§ **What needs to be done**
Taking the data below, please print only the lines from the line holding "Top vista ravvicinata" to the line holding "Model wears Johnstons", inclusive, with pictures omitted.

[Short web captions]
###

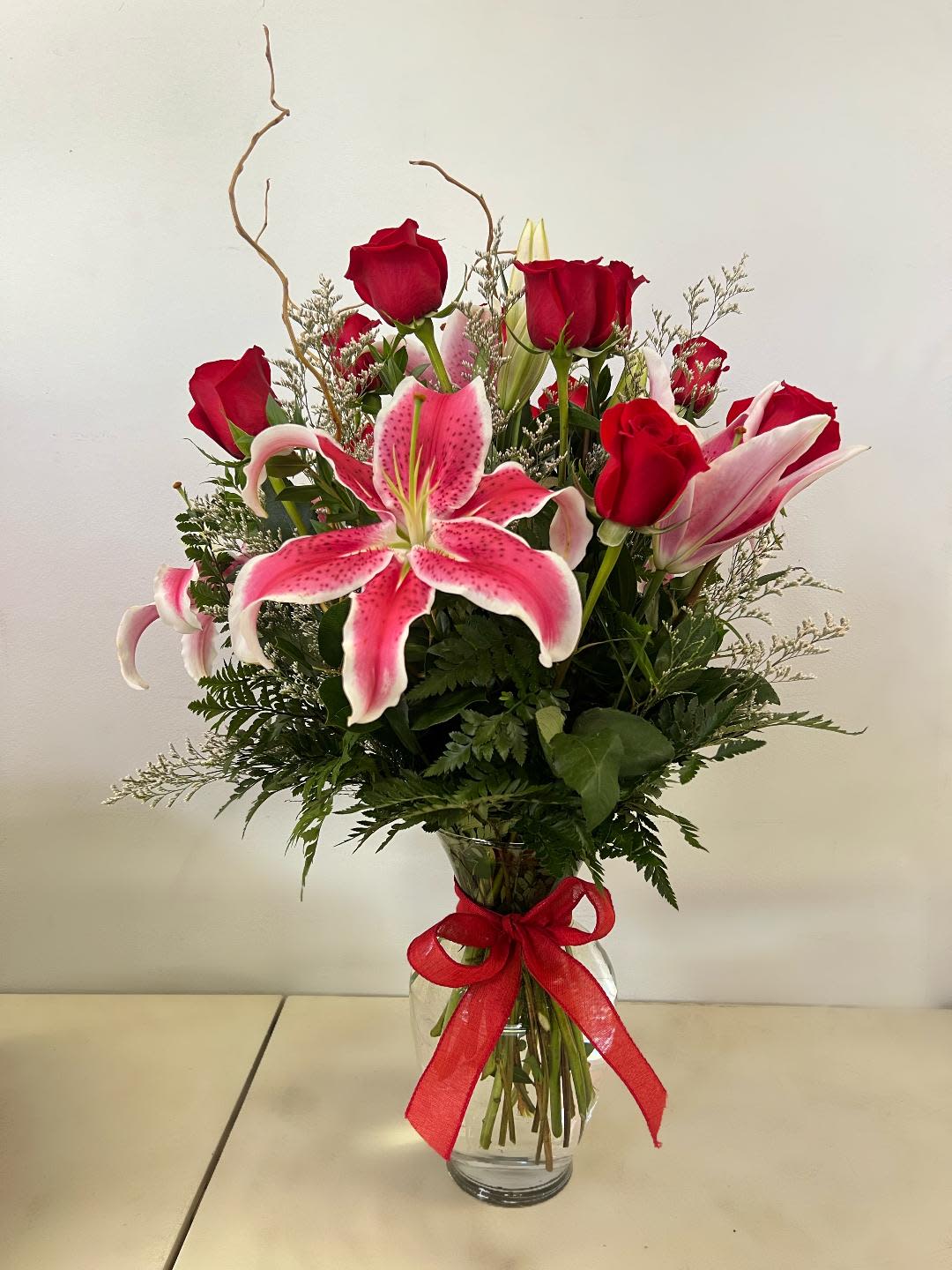 Red roses and pink lilies in a glass vase with a red ribbon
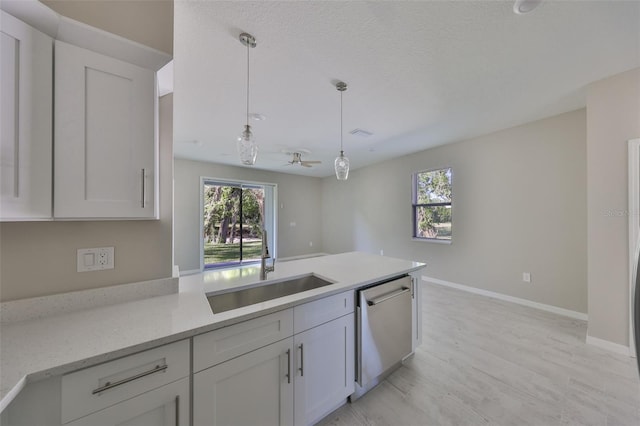 kitchen featuring hanging light fixtures, a ceiling fan, a wealth of natural light, and stainless steel dishwasher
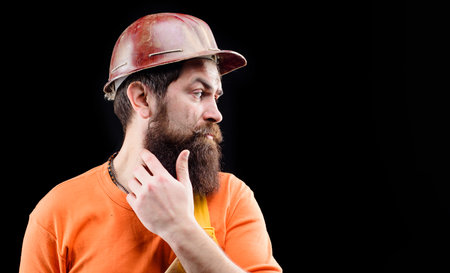 Builder man. Serious builder in protective hard hat. Building industry. Male engineer or industrial worker in hardhat. Hard work. Bearded man in overalls and safety helmet. Copy space for advertisingの写真素材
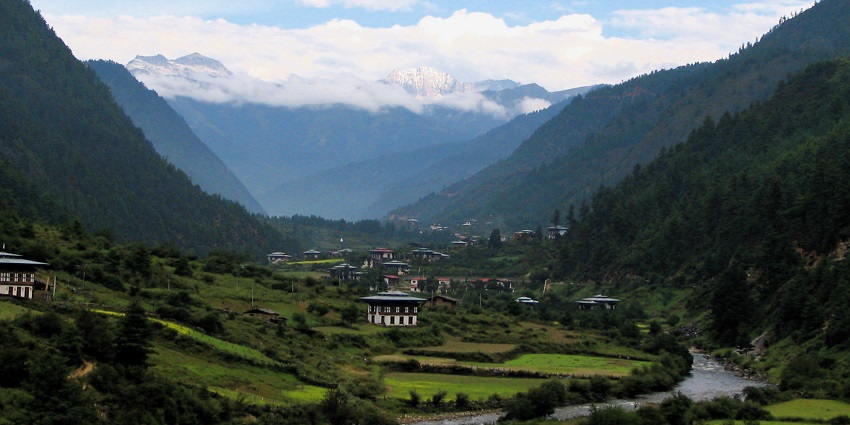 A remote valley nestled among the Himalayas, rich in culture, forests, and traditional Bhutanese homes.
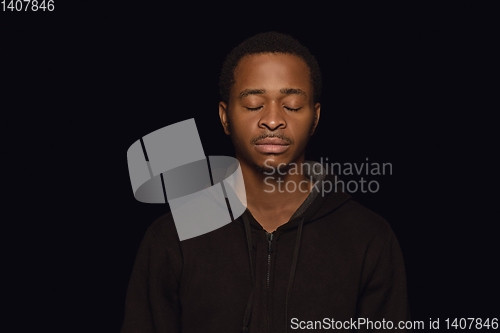 Image of Close up portrait of young man isolated on black studio background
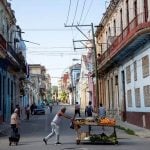 Ulica u Havani s oronulim zgradama i prodavačem voća na kolicima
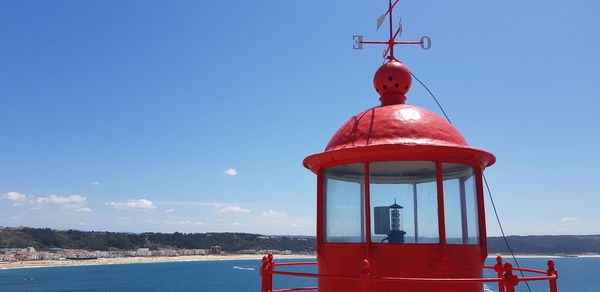 Lighthouse by sea against blue sky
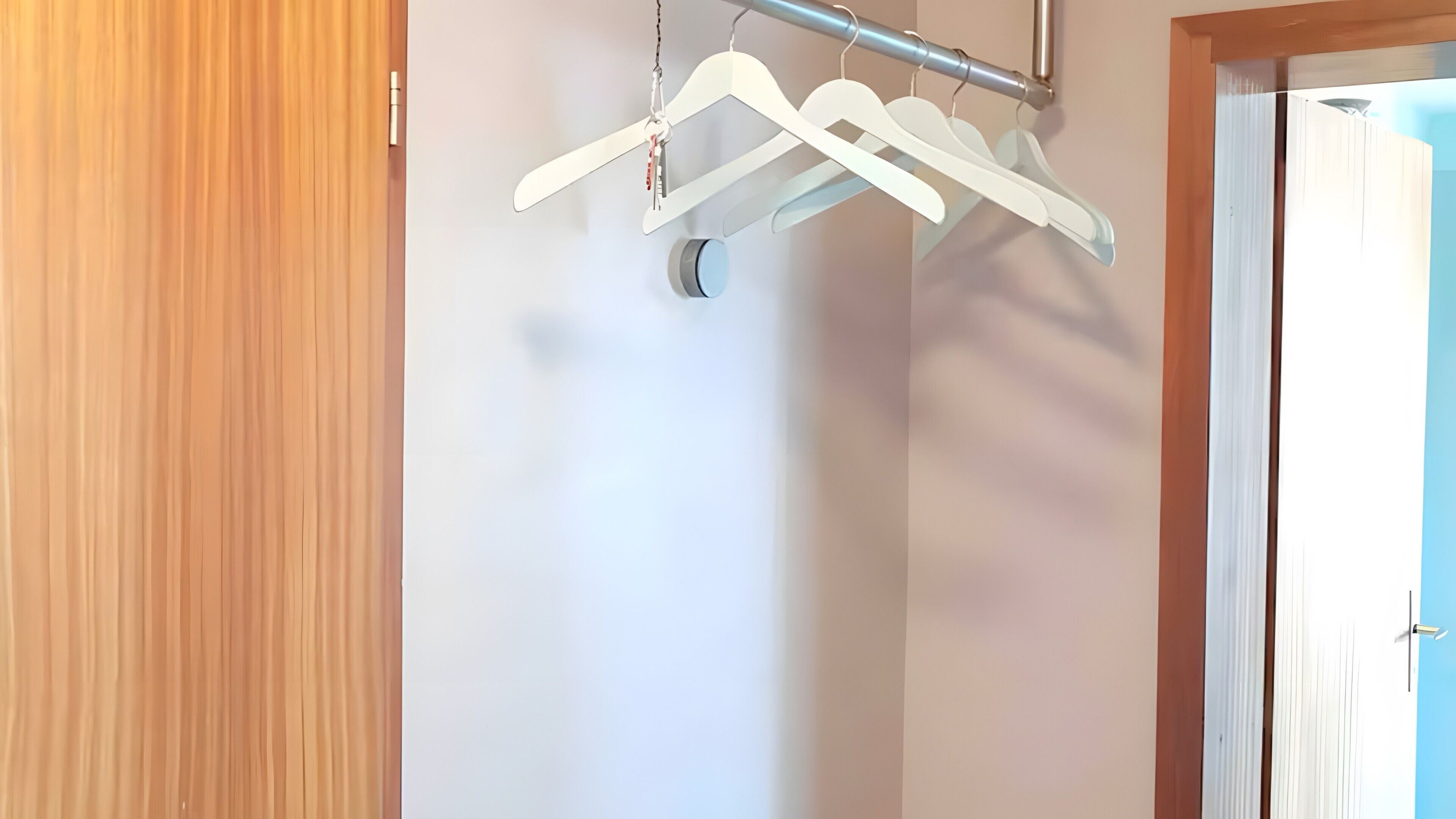 Un couloir avec une porte en bois, un mur blanc et une barre métallique sur laquelle sont accrochés des cintres blancs.
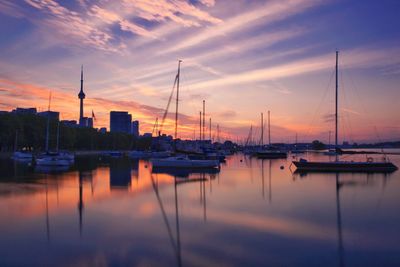 Boats moored in harbor at sunset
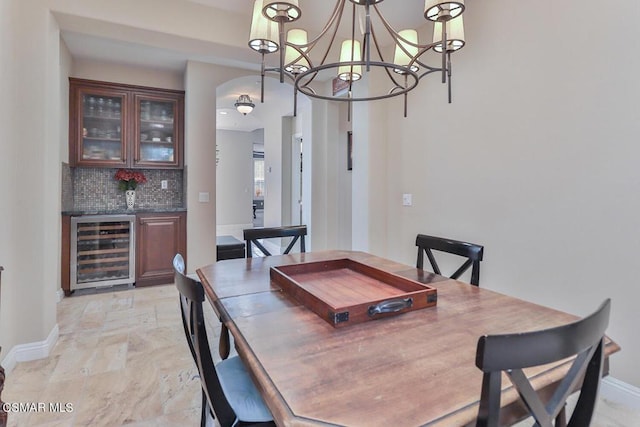 dining area featuring bar, wine cooler, and an inviting chandelier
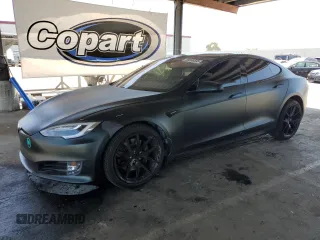 2018 Tesla Model S 75D with VIN 5YJSA1E21JF282786, listed as a Copart auction lot 58058595 with 65,982 mi miles and Salvage title. Bid and sale history available at DreamBid. Image 1.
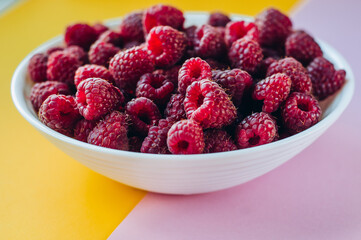 a beautiful light blue bowl of fruit with raspberries, blueberries and blackberries on yellow background, top view, studio shot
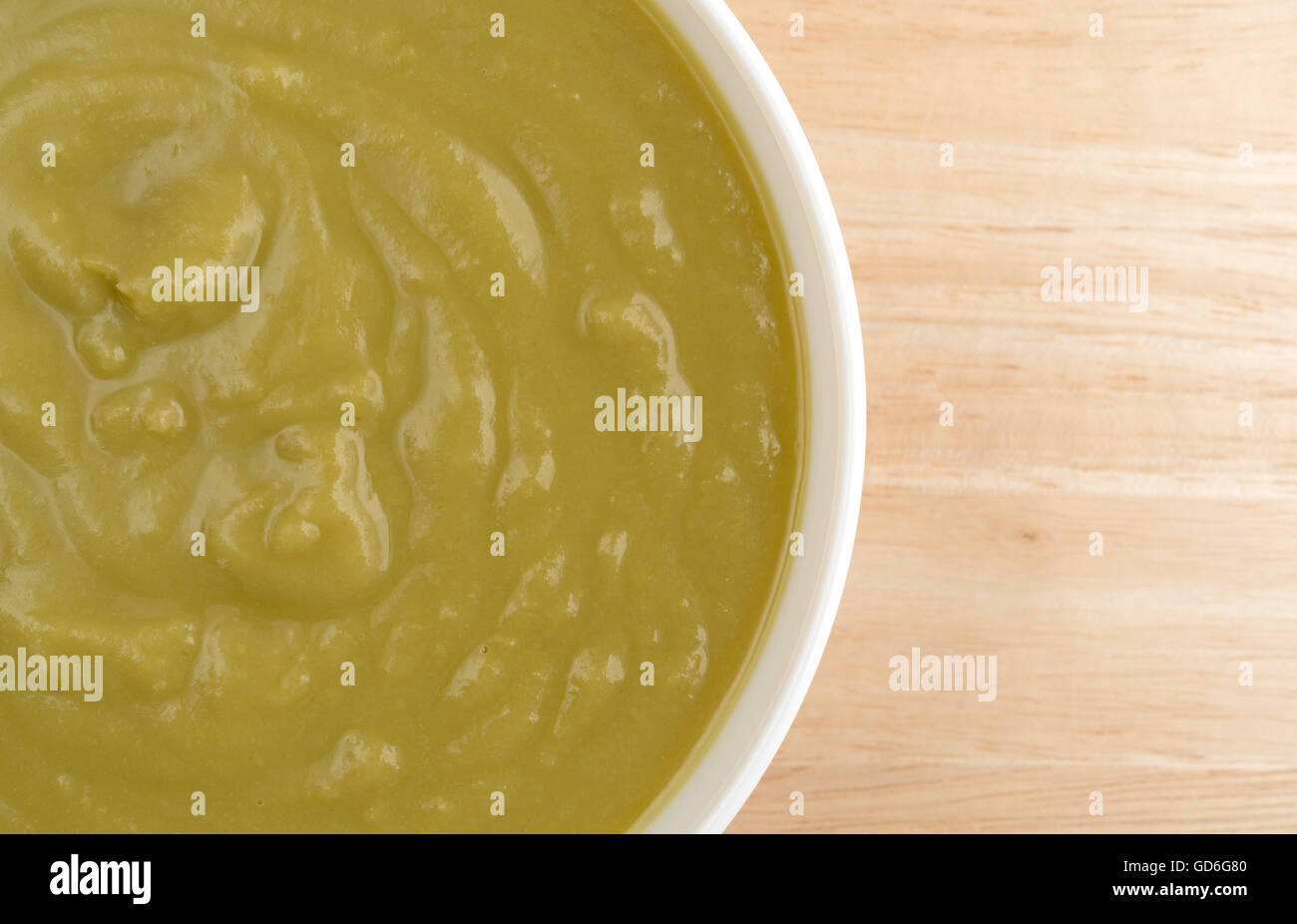 Top vista ravvicinata di una ciotola di verde spessa zuppa di piselli su una tavola di legno alto. Foto Stock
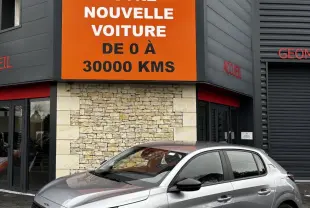 Peugeot 208 PureTech 100 S&S Active gris clair vue 3/4 avant droit devant un bâtiment avec panneau orange Distinxion.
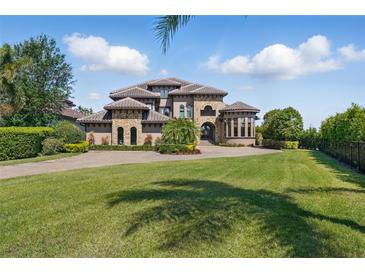 Stunning stone and stucco home with a manicured lawn, lush landscaping, and a paver driveway on a sunny day at 7769 Summerlake Pointe Blvd, Winter Garden, FL 34787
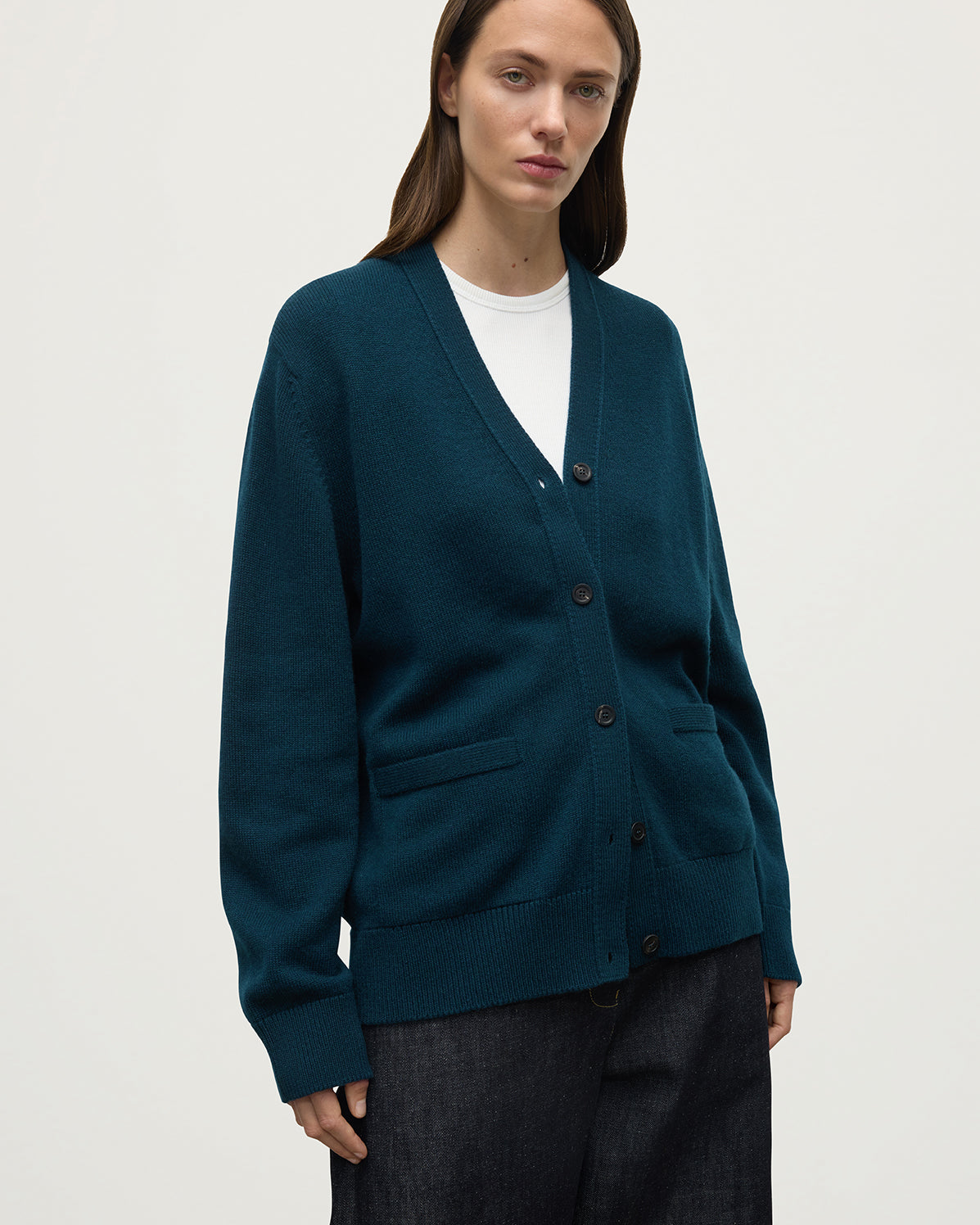 Model wears Johnstons of Elgin AW25 Women's Knitwear Bottle Green Boyfriend-Fit Green Cashmere Cardigan  close up KAA05560SC7341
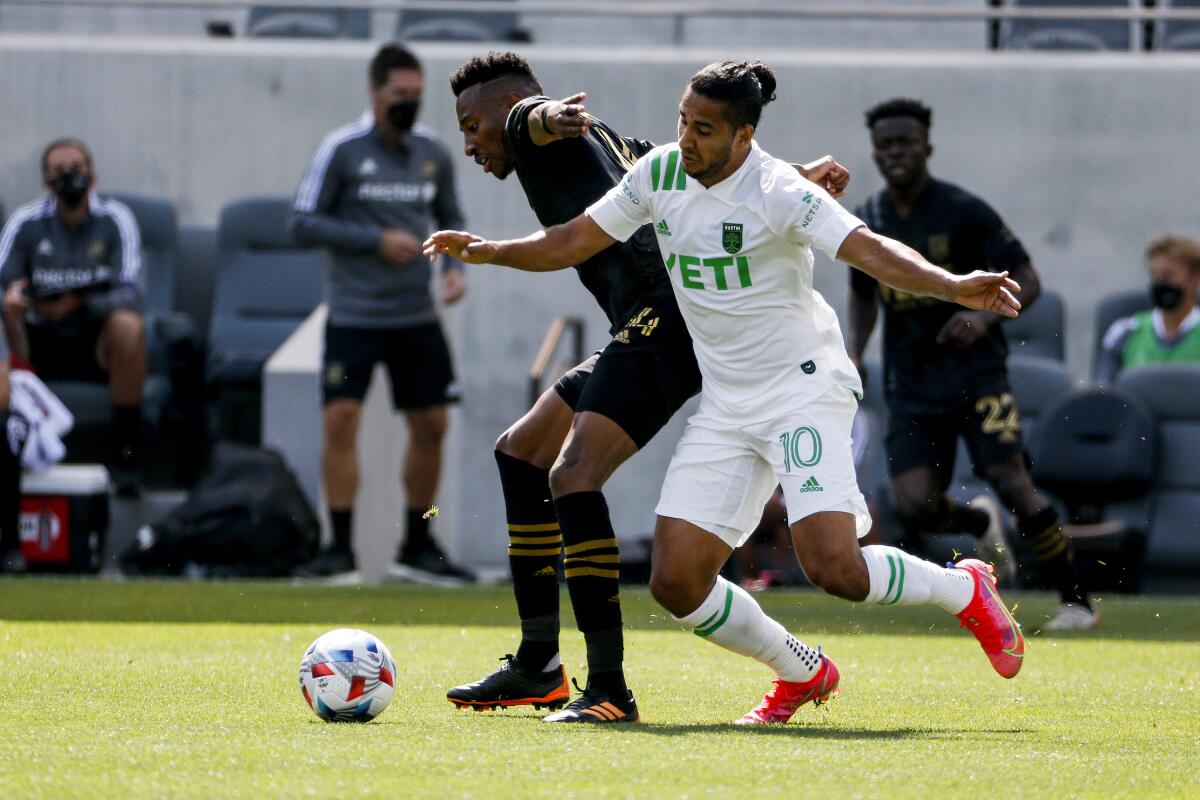 LAFC midfielder Mark-Anthony Kaye, left, and Austin FC midfielder Cecilio Dominguez battle for the ball.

###

§ **Answer below**
 Top vista ravvicinata di una ciotola di verde spessa zuppa di piselli su una tavola di legno alto. Foto Stock
 Peugeot 208 PureTech 100 S&S Active gris clair vue 3/4 avant droit devant un bâtiment avec panneau orange Distinxion.
 Stunning stone and stucco home with a manicured lawn, lush landscaping, and a paver driveway on a sunny day at 7769 Summerlake Pointe Blvd, Winter Garden, FL 34787
 Model wears Johnstons of Elgin AW25 Women's Knitwear Bottle Green Boyfriend-Fit Green Cashmere Cardigan  close up KAA05560SC7341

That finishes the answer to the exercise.